Sophie tried mediating. “Why don’t we all just calm down and talk about this, eh?”
“Screw that. I’m outta here.” Levi stormed out before anyone could stop him.
Hope jumped to her feet. I blocked the door. “Let him go.”
“No. I have to explain.”
“You should’ve explained long before now.”
She blinked back tears.
I hated it when she cried, but I steeled my resolve not to let her off the hook this time. “Give him some time to sort through this. He’s hurt, and he has a right to be upset.”
“But I need to talk to him!”
“No, you need time to figure out why you kept something this important from him. He is your family. I am your family. What were you thinking, shutting us out?”
Her eyes thinned to malicious slits. “You don’t have kids and you haven’t been around him, so what makes you think you know anything about how he’s feeling, huh?”
“It’s obvious he’s pissed off at you. And how do I know that? Because you’ve pissed me off more times than I can count, sis. So leave him alone. You’d better figure out a way to make this right with him, because he sure as hell deserves better than you’ve given him lately. And so do I.”
I slammed the door with enough force the screen popped out and bounced off the porch slats. I didn’t care. It would still be there when I returned, just another damn thing in my life I’d have to fix.
Levi peeled out across the pasture on an ATV, Shoonga racing alongside him, and he headed south toward Old Woman Creek. I could’ve let him go. But I suspected he’s spent more time alone than he’d let on. I hopped on an older four-wheeler, trailing behind him. If he noticed me following and it made him mad, so be it. He could take his anger and frustration out on me.

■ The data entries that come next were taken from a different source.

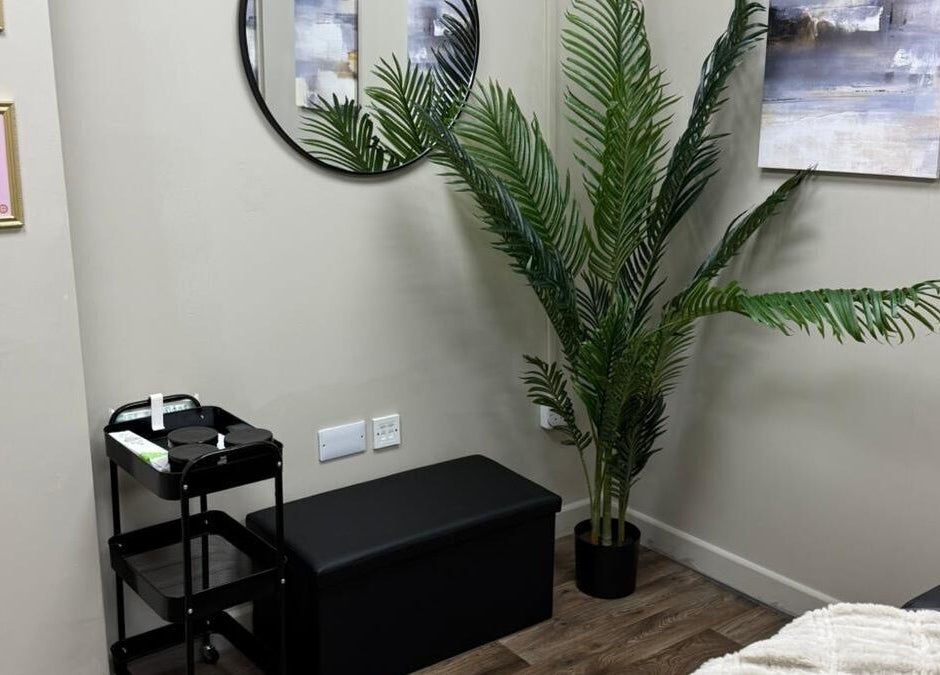 Peaceful corner at Pearls of Beauty, Hastings, England, GB with plant, mirror, and certificates.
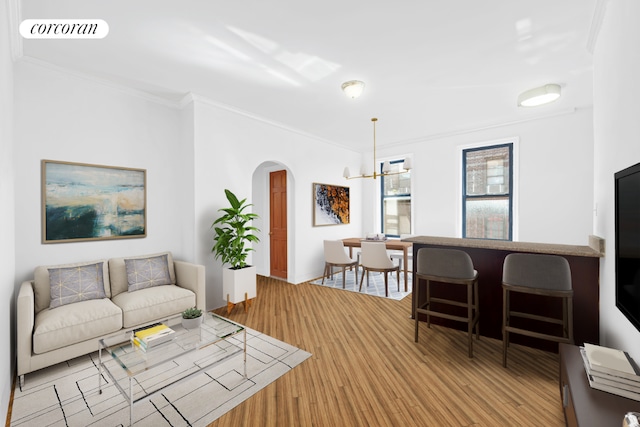 living room with a chandelier and crown molding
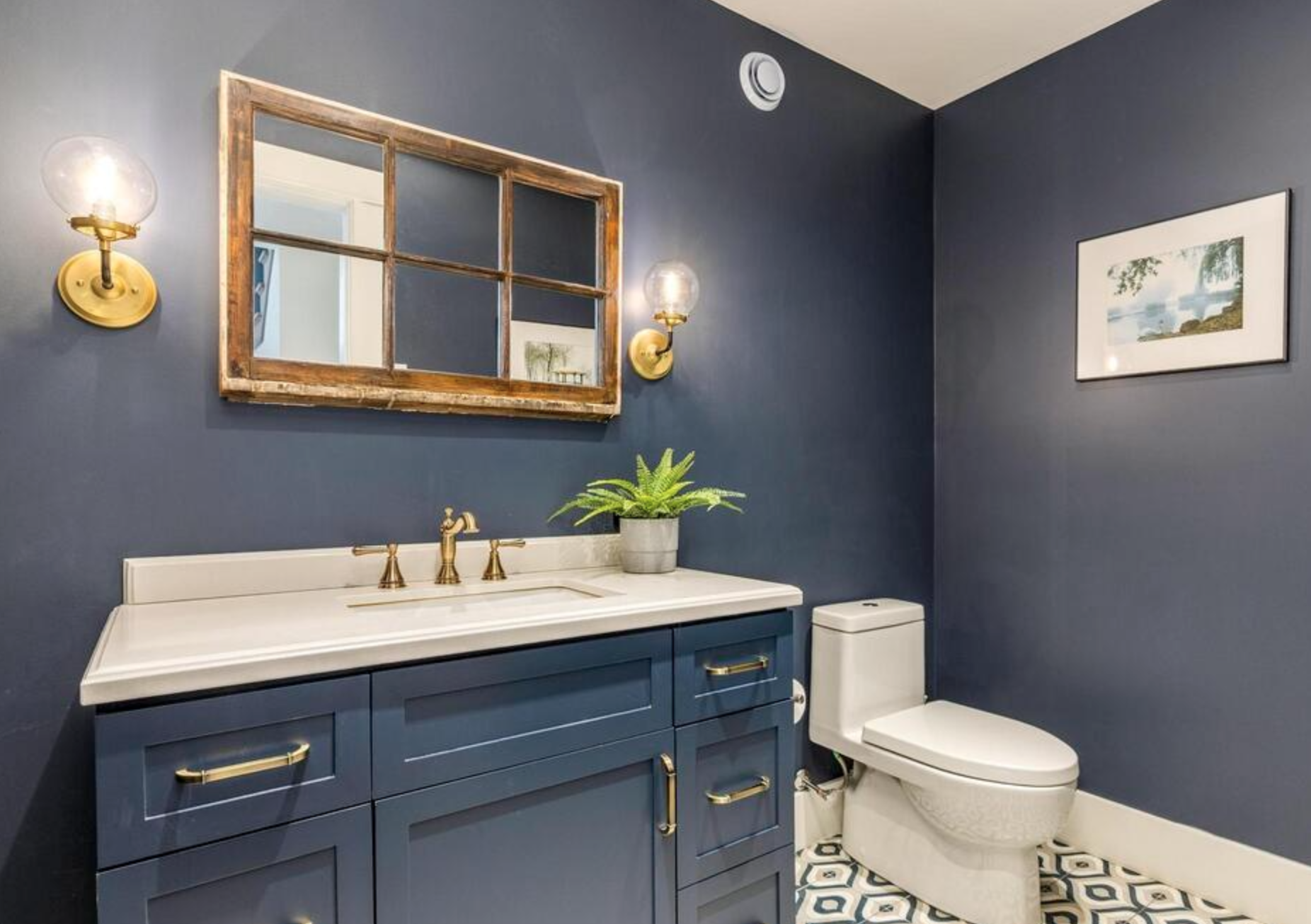 A modern bathroom with navy blue walls, a white vanity with gold handles and fixtures, a potted green plant, a white toilet, a decorative framed mirror, wall sconces with bulbs, and a landscape painting on the wall.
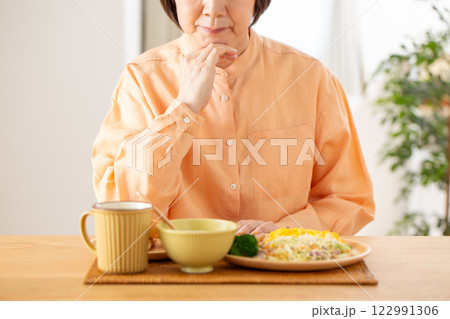 洋食の朝食を前に悩むミドル女性 122991306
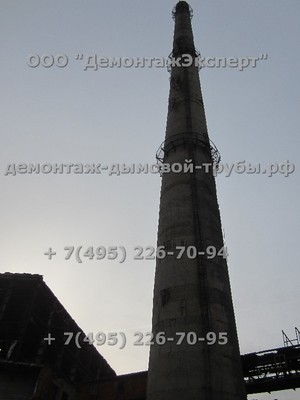 Демонтаж 100 метровой железобетонной дымовой трубы чётко между зданиями на химическом производстве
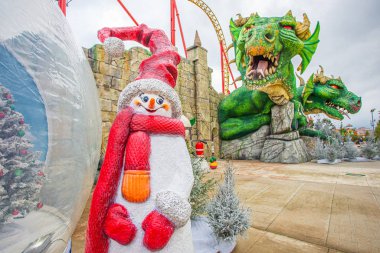 Sochi, Rusya-20.09.2018 Sochi Parkı. Girişteki Noel ağacı. Beyaz kardan adam. Kırmızı şapka. Kırmızı eşarp. Burun havuçtur..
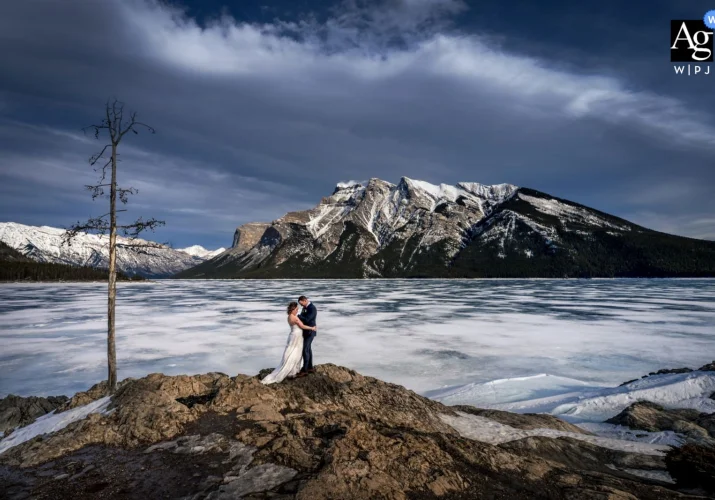 Winter Wedding Portrait Session takan by Banff Wedding Photographer of bride and groom in a hug at frozen Minnewanka Lake.
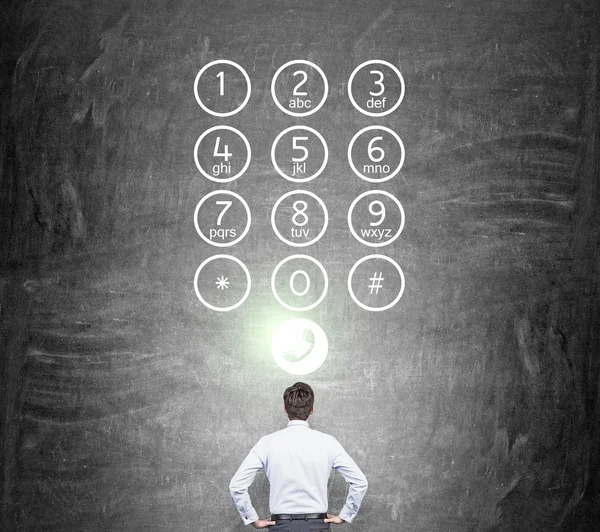 Businessman in front of number buttons — Stock Photo, Image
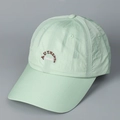 Detail of authentic embroidered mint green baseball cap made of lightweight wavy fabric - M (56-58cm) / Green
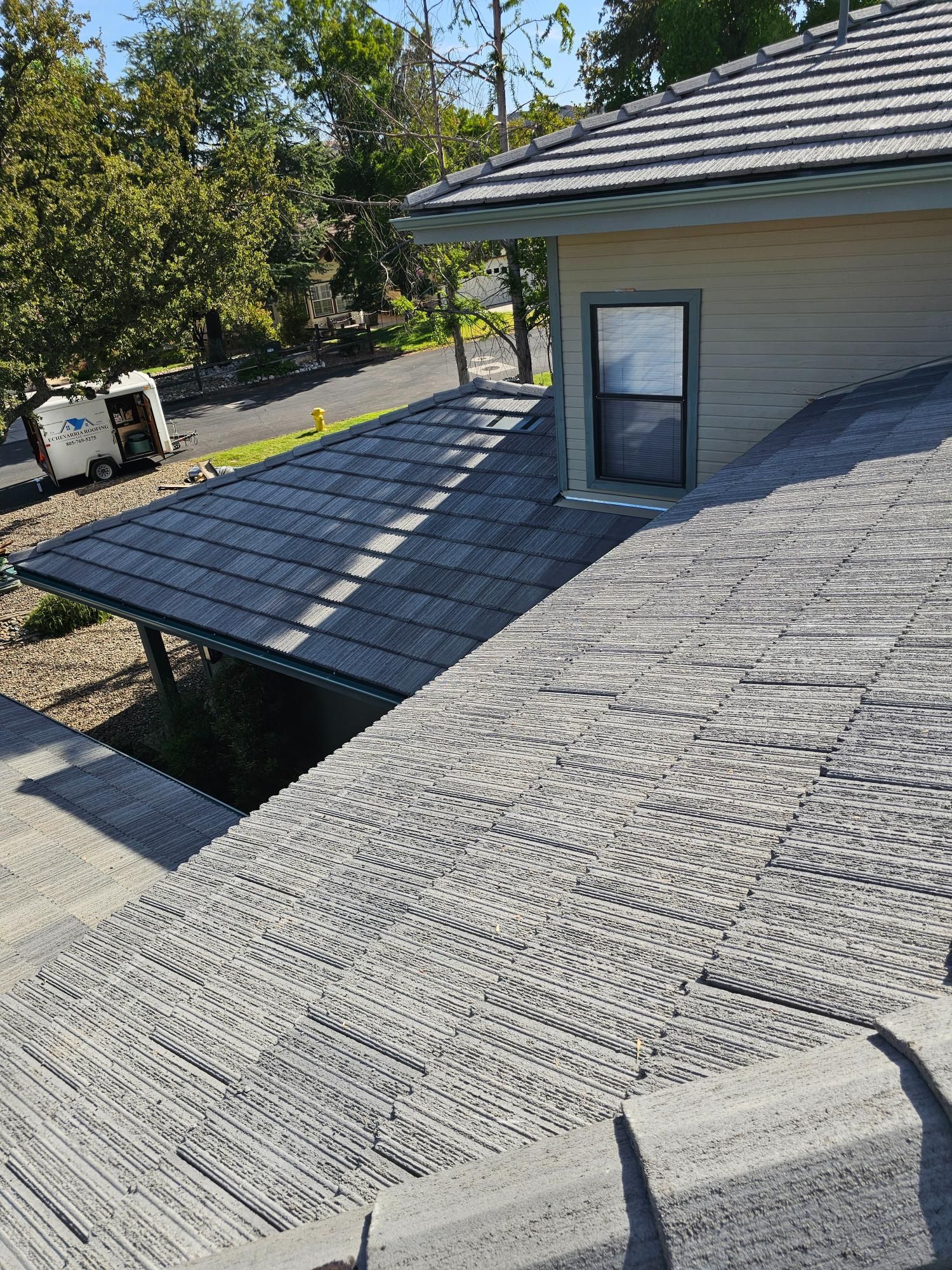 Roof with dark shingles and a dormer window beside a covered patio, with trees in the background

He killed the engine beneath a cluster of cottonwood trees. Thin puffs of dust kicked up as he shuffled to the ledge of the steep bluff.
I doubted he’d do anything stupid, like pitch himself over, but I wondered how many teenagers’ last thoughts before suicide were ones of remorse.
Levi backed away and dropped to the ground. He huddled into a ball and shouldered Shoonga aside until the dog flopped beside him. It reminded me that Levi might act tough and grown-up, but he was still young and vulnerable.
Shoonga panted heavily, too tired to bark at me as I climbed off the machine and ambled across the hard-packed soil.
“I ain’t gonna kill myself, if that’s what you’re worried about,” Levi said.
“I’m not.”
“Then why’d you follow me?”
To see if you needed me. “To see your secret brooding place.”
Levi straightened up. “How’d you know I had one?”
“All teenagers have them.”
“Even you?”
“Especially me.”
“Where was yours?”
“Which one?” I plopped beside him and narrowly missed jabbing my ass on a tiny barrel cactus.
“You had more than one?”
“Don’t you?”
His cheeky smile was there and gone. “Yeah.”
“I liked to keep people guessing. I thought they’d gnash their teeth and weep and wail, distraught with guilt if they couldn’t find me in my usual spot.”